How to Get a Hard Money Loan?

Hard money loans are a source of funding that real estate investors often overlook. Hard money loans are a good financing solution for people who don’t qualify for traditional financing or for those who want to avoid paying exorbitant rates and fees. It allows people to acquire investment properties quickly, with the property being purchased with the loan proceeds and the seller usually covering closing costs.


Private individuals and companies typically offer hard money loans as opposed to traditional lenders like banks. Because there are no lending guidelines in hard money loans, they also have lower interest rates than bank financing. 


There are a number of hard money loan requirements that must be met before you can close on a hard money loan. These guidelines will protect the lender and give you ample time to complete your property renovations and make it to market quickly. This is important because time is money when working with hard money loans — the interest accrues daily at an accelerated rate. It’s also important to get a proper appraisal for the property’s current condition and to provide all necessary paperwork to the lender.


Hard Money Loan Requirements


  • The Hard Asset
  • Equity/Down Payment
  • Strong Personal Finance History
  • Experience in Real-Estate


The Hard Asset


Hard Money lenders buy assets using cash as collateral. The property’s value and its resale value are two primary factors that make hard money lender steps that make businesses and homes attractive to investors. Some lenders will require a first lien position, which is almost always paramount to other loans in existence on a property.

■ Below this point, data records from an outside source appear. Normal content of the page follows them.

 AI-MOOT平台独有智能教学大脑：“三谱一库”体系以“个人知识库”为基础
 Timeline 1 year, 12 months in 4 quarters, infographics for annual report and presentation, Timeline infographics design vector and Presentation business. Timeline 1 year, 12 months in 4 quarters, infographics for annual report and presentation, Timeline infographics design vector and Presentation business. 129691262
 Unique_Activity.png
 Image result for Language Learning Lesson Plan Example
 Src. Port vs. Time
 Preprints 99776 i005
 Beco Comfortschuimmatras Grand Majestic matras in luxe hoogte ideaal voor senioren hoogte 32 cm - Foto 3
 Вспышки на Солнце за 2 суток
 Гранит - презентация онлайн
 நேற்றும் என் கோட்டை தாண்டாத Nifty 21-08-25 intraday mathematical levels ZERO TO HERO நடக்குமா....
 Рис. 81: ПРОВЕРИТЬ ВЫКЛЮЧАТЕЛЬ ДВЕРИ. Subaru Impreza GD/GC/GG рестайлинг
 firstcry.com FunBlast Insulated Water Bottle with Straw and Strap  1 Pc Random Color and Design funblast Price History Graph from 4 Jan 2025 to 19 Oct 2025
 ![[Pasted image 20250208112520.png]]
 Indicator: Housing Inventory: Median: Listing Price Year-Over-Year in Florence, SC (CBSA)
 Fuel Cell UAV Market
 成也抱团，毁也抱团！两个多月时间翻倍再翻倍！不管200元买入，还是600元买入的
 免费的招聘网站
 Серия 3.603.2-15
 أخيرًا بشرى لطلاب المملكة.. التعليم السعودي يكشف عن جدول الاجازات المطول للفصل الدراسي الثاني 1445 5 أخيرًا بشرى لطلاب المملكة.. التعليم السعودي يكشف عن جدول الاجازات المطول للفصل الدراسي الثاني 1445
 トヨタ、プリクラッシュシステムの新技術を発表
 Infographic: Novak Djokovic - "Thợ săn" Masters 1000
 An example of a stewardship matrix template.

Most private lenders will factor in the loan-to-value ratios (LTV) to determine if the asset provides the credit needed for repayment. The average LTV at or around 65% of the property’s appraised value, with a borrower able to expect a loan in the $160K range for rehabbing a property with a $250K resale value, could be expected by most hard asset investors.


Equity/Down Payment


While there are a few different ways to ensure that a hard money lender considers your property as collateral for a loan, the most effective method is having enough equity or down payment. Equity is the amount of profit you have made from the property since you bought it.


Generally, an amount higher than 25% to 30% is considered well equity for residential properties and 30% to 40% for commercial ones. If your land value is already high and your risk factor is significant, cross-collateralization can work in your favor.


Strong Personal Finance History


Suppose you do not have any investment or real estate experience. In that case, some hard money lenders will review your personal credit score and financial history to determine whether or not you can be trusted to repay a hard money loan. If they deem you trustworthy and creditworthy, they may approve your loan even though other traditional lenders such as banks and venture capital firms do not require these elements.


Experience in Real-Estate


Thinking about getting a hard money loan to flip that fixer-upper? Lenders want to hear about your real estate experience. What is your exit strategy for the property? How do you plan to pay down the loan? How much equity will you realistically make on the deal?